Parliamo anche di scuola privata: forse la vera distinzione, a proposito di classismo scolastico, andrebbe fatta tra pubblico e privato?

L’attacco alla scuola pubblica, che poi è l’attacco a tutta la pubblica amministrazione, è un dato di fatto. Non è un caso che praticamente tutti i governi abbiano stanziato finanziamenti per le scuole private diminuendo quelli per le scuole pubbliche. Chiaramente questo comporta delle conseguenze: la spinta verso la privatizzazione dell’istruzione è enorme. Una istruzione gestita dagli enti ecclesiastici, dalle finanziarie, dalle aziende… di questo stiamo parlando.

E’ vero che esiste una diversificazione tra licei ed istituti tecnici e professionali, ma è importante dire che questa diversificazione è stata fortemente voluta per andare a ghettizzare il giovane proletario – che tale rimane, anche se con una accezione diversa da quella che era un tempo. Ragazzi che hanno meno opportunità, e a cui la Costituzione garantirebbe uguale accesso alle occasioni di crescita e di sviluppo personale.

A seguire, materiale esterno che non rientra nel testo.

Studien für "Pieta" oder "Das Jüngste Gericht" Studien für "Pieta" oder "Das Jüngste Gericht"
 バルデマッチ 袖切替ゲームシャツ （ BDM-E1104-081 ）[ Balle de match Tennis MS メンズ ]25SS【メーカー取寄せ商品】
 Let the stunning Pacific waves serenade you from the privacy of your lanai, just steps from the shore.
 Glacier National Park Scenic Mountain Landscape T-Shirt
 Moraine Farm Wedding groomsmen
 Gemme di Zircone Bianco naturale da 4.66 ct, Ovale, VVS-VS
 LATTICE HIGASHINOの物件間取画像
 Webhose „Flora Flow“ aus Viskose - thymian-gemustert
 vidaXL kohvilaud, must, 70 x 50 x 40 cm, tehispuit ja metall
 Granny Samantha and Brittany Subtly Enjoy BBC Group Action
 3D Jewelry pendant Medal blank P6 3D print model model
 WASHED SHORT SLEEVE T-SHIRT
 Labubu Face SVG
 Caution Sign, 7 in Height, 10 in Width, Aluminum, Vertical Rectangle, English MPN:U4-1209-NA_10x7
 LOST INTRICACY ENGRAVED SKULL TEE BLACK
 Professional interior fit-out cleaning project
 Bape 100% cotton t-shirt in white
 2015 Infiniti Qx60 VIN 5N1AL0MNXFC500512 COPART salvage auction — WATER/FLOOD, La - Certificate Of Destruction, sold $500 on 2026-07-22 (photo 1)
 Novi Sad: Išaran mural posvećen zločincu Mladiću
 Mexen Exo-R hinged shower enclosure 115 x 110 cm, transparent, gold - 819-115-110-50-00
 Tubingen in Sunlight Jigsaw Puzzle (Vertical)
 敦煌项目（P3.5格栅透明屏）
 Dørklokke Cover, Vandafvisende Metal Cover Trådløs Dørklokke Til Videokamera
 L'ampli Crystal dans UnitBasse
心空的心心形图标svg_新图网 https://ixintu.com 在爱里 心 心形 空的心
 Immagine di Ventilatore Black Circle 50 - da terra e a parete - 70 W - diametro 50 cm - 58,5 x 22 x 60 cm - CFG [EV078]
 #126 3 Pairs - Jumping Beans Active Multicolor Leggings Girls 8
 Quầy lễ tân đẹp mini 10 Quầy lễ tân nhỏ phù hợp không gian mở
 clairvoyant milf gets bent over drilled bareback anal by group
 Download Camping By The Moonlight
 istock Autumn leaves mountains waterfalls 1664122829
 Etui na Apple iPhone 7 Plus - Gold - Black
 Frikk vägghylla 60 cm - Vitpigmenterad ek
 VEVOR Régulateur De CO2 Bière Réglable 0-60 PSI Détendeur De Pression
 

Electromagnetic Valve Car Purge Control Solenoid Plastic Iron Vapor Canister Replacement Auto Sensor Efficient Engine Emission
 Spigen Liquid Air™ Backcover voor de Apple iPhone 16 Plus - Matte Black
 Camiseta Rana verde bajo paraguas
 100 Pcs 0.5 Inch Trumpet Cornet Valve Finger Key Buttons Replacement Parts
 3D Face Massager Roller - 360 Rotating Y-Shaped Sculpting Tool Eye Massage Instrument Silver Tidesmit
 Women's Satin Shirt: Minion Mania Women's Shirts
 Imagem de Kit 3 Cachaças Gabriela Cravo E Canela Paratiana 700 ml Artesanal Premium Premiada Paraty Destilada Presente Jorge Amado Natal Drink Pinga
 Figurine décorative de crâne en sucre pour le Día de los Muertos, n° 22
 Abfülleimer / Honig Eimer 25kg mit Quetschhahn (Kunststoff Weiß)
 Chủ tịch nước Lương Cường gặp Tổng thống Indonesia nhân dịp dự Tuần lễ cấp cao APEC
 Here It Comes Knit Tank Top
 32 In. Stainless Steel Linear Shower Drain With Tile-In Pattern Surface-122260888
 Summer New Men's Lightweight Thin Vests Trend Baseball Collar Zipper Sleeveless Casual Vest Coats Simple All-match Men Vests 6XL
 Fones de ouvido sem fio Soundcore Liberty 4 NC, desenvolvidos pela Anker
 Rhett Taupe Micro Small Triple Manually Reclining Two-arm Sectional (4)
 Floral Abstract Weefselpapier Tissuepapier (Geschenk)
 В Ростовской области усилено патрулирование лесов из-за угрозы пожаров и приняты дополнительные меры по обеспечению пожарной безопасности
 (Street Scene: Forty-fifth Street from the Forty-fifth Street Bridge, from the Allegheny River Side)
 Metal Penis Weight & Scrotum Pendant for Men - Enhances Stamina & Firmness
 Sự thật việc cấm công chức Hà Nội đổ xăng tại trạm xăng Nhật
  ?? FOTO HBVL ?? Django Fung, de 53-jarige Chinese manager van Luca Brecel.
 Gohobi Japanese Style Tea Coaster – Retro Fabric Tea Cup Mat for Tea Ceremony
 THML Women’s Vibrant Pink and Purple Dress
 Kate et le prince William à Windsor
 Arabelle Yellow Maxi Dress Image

Ma non è così, e più andiamo avanti più questa cosa diventa evidente, creando una frattura all’interno stesso della scuola pubblica, con scuole da cui poi si va all’università privata o di qualità, ed altre invece – magari in periferia – che vengono gestite come scuole di livello inferiore.

Anche questa è una scelta?

Si. Una scelta chiaramente espressa dai governi. Come una scelta è stata quella di depauperare i programmi degli istituti tecnici, che vedono ridotte le ore di italiano, che non fanno filosofia, e che vedono ridotte tutte le ore di quelle materie che sono formative e che portano alla conoscenza e non alla competenza. Tutto questo all’interno delle scuole si vive, si sente: una vera e propria diminuzione di richiesta di cultura.

L’ “altenanza scuola-lavoro” è quindi la realizzazione pratica, il passaggio finale dalla conoscenza alla competenza?

Si. E’ una concezione sempre più radicale della scuola, che tra l’altro abitua al lavoro gratutito. Ho assistito ad esperienze di alternanza scuola-lavoro incommentabili. E’ il tentativo esplicito di creare generazioni che non si fanno domande: sul lavoro che andranno a fare, su quanto verranno pagati, su quali sono i loro diritti. Educarli fin da piccoli, fin da sedici anni, a lavorare gratis e senza diritti. Sottraendo oltretutto un numero importante di ore di scuola all’apprendimento, alla cultura! Ecco il tentativo di abbassare il livello: duecento ore di alternanza scuola-lavoro non sono poche, quattrocento negli istituti tecnici. Sponsorizzata dalle aziende, spesso i ragazzi vengono fatti lavorare senza una formazione sulla sicurezza, ed abbiamo anche assistito ad incidenti… Chi si offre di ospitarli di fatto vuole manodopera gratuita, l’obiettivo formativo è secondario.

Ore sottratte alle lezioni: togli ore, togli materie, togli strumenti a questi futuri cittadini che saranno più ricattabili, ma proprio perchè in possesso di meno strumenti, più propensi ad utilizzare quello che hanno a disposizione, che spesso è il ricorso alla violenza ed alla sopraffazione. Ed eccoci dunque arrivati al bullismo, all’aggressività ed ai video su youtube.